勤労統計で偽装ソフト 厚労省、04年から不適切調査

 賃金や労働時間の動向を把握する厚生労働省の「毎月勤労統計調査」について、全数調査が必要な対象事業所の一部を調べない不適切な調査が二〇〇四年から行われていたことが分かった。担当者間で十五年間引き継がれてきた可能性があり、データを正しく装うため改変ソフトも作成していた。統計を基に算定する雇用保険などが過少に給付されていたことも判明し、厚労省は不足分を支払うことを検討する。

 勤労統計は厚労省が毎月、都道府県を通じて調査し、従業員五人以上の事業所が対象で、従業員五百人以上の場合は全てを調べるルール。

 しかし、東京都内では全数調査の対象が約千四百事業所あったが、実際には三分の一程度しか調べられていなかった。さらに、全数調査に近く見せかけるため、統計上の処理が自動的に行われるようプログラミングされたソフトも作成されていたという。賃金が比較的高いとされる大企業の数が実際より少ないと、実態よりも金額が低く集計される可能性がある。

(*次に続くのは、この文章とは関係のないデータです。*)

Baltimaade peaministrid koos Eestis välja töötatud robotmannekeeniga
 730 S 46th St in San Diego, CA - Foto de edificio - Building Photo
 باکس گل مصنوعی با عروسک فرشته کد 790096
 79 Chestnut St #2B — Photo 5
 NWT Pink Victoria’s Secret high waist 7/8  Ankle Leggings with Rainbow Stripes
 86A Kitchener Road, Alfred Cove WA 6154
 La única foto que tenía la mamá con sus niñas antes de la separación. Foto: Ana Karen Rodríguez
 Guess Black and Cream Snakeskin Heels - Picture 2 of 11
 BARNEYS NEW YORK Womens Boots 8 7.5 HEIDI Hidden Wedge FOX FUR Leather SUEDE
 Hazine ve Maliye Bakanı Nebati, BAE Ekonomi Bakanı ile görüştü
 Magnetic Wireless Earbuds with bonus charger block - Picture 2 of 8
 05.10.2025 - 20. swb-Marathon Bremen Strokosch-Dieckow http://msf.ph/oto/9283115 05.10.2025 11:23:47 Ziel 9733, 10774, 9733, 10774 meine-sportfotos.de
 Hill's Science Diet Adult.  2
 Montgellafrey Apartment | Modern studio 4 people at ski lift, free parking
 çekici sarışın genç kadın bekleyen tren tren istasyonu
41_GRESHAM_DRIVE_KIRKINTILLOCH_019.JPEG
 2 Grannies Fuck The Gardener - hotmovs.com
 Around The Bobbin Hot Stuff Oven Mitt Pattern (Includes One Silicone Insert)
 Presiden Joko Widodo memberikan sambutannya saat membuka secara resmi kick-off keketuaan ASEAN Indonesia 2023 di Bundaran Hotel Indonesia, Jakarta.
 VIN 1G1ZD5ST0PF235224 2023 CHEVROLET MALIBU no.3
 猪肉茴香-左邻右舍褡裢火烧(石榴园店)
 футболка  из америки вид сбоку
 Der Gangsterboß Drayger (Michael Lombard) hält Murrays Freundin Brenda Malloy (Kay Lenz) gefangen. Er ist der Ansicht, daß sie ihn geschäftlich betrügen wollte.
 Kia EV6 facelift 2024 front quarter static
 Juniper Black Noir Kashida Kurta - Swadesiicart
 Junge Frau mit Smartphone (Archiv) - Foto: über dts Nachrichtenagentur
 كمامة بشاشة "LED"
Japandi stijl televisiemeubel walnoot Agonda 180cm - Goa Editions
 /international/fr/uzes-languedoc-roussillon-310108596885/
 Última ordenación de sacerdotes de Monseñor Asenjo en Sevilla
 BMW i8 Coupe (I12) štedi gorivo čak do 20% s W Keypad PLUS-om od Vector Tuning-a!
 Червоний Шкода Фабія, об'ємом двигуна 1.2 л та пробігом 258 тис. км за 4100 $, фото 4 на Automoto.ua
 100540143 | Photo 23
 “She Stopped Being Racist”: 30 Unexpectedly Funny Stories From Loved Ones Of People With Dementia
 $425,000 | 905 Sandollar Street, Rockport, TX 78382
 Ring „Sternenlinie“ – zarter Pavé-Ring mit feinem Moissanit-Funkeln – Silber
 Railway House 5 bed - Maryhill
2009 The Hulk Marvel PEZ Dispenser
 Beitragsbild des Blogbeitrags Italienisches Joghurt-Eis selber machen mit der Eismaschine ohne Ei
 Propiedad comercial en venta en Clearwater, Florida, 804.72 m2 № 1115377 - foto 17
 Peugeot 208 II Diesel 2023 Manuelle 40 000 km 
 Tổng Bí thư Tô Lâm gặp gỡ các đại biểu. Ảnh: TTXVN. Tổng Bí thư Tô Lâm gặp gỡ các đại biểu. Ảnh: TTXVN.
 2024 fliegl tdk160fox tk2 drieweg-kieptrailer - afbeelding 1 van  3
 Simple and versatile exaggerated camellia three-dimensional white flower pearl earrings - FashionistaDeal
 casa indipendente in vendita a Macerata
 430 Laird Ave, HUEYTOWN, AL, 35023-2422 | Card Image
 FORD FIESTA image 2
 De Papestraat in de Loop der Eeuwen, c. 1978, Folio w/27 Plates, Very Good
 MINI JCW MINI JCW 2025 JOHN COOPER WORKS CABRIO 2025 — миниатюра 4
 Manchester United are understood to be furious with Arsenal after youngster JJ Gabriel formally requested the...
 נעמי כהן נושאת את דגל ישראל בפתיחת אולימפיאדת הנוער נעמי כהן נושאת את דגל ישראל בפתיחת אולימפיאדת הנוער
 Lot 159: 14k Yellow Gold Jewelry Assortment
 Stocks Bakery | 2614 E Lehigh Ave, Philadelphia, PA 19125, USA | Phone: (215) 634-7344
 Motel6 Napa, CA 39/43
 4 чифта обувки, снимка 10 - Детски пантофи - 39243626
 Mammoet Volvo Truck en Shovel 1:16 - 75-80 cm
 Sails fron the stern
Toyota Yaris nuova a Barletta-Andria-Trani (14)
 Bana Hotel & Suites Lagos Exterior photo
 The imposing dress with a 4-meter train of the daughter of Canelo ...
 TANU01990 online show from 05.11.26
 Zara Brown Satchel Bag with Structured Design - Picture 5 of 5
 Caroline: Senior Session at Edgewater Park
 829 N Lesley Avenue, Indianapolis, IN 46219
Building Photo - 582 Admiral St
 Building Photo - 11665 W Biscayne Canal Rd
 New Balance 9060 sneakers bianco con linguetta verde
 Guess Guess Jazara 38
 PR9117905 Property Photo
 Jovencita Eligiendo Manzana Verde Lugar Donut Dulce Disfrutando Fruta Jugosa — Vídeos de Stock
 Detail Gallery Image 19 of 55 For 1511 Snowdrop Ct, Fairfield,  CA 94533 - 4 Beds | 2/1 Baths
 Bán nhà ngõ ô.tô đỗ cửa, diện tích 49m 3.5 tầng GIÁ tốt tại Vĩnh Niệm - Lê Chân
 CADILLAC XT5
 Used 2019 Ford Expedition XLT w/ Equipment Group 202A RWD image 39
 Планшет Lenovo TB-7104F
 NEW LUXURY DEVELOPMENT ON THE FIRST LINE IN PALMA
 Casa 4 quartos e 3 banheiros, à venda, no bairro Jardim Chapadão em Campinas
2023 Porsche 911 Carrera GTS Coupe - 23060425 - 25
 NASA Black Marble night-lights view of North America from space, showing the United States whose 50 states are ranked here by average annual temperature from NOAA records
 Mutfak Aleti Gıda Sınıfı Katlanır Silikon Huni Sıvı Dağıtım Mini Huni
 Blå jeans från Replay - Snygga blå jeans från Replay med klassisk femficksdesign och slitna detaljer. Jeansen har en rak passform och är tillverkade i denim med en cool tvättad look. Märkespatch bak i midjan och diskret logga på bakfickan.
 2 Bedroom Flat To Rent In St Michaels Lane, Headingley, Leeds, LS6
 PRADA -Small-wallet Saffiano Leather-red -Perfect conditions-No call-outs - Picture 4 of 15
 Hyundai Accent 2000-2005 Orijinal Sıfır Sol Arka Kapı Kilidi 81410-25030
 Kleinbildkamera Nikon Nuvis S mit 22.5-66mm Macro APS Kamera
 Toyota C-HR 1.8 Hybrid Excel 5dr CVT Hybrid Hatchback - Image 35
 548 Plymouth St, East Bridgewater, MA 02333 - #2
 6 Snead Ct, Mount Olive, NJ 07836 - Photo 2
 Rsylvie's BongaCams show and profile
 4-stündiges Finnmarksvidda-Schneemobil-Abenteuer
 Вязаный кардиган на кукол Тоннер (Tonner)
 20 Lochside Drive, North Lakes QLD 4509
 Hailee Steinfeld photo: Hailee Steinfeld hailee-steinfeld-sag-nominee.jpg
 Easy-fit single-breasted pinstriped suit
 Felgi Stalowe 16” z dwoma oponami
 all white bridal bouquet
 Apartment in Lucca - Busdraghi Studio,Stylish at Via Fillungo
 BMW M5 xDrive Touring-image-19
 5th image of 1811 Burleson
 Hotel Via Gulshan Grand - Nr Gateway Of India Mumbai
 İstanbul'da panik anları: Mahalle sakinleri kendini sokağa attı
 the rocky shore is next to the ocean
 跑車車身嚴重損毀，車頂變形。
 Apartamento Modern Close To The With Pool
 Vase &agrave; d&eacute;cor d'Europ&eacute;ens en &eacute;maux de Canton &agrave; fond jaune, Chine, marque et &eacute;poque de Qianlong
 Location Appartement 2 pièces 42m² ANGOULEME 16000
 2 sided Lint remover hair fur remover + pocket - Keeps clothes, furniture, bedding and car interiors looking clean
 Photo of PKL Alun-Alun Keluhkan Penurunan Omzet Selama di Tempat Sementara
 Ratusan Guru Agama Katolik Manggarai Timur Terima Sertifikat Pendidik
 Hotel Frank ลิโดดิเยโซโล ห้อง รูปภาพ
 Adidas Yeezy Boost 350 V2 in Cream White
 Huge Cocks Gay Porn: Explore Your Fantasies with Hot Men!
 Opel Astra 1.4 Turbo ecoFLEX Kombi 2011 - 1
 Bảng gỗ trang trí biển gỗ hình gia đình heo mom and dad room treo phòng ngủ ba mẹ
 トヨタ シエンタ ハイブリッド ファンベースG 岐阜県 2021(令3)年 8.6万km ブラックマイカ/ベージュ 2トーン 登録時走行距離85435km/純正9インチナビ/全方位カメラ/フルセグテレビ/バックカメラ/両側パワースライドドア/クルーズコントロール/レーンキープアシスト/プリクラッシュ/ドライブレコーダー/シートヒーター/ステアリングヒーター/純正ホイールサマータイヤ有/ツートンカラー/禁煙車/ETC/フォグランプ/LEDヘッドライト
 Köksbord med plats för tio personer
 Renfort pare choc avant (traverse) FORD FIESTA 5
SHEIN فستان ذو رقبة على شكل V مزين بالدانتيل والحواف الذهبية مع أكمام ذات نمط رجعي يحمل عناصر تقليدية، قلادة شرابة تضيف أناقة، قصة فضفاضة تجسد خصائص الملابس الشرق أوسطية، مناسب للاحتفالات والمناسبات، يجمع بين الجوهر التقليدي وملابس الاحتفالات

 勤労統計は月例経済報告といった政府の経済分析や、雇用保険や労災保険の算定基準など幅広い分野で用いられる国の「基幹統計」。雇用保険の失業給付の上限額は、勤労統計の平均給与額を踏まえて決まる。

 仕事で病気やけがを負ったと労災認定された場合に支払われる休業補償給付も、平均給与額の変動に応じ見直される仕組みで、正しい手法で調査した結果、平均給与額が高くなれば、こうした保険が過少に給付されていたことになる。

 厚労省は近く、これまでに判明した事実関係について公表する。政府統計を所管する総務省も、十七日に専門家らによる統計委員会を開催し、厚労省から今回の事態について説明を求める。

◆昨年11月分を公表

 厚生労働省が九日発表した昨年十一月の毎月勤労統計調査(速報、従業員五人以上)によると、物価の影響を加味した実質賃金は前年同月比1・1%増え、四カ月ぶりのプラスとなった。調査対象に漏れがあったことが判明したが、全数調査へと是正されないままの公表となった。調査手法が不適切なため信頼性に疑義が残るが、厚労省担当者は「規則により発表することが決まっているため」と説明した。

 厚労省は問題の詳しい経緯や、他の政府統計への影響を調べている。

 基本給や残業代などを合計した一人当たりの現金給与総額は2・0%増の二十八万三千六百七円だった。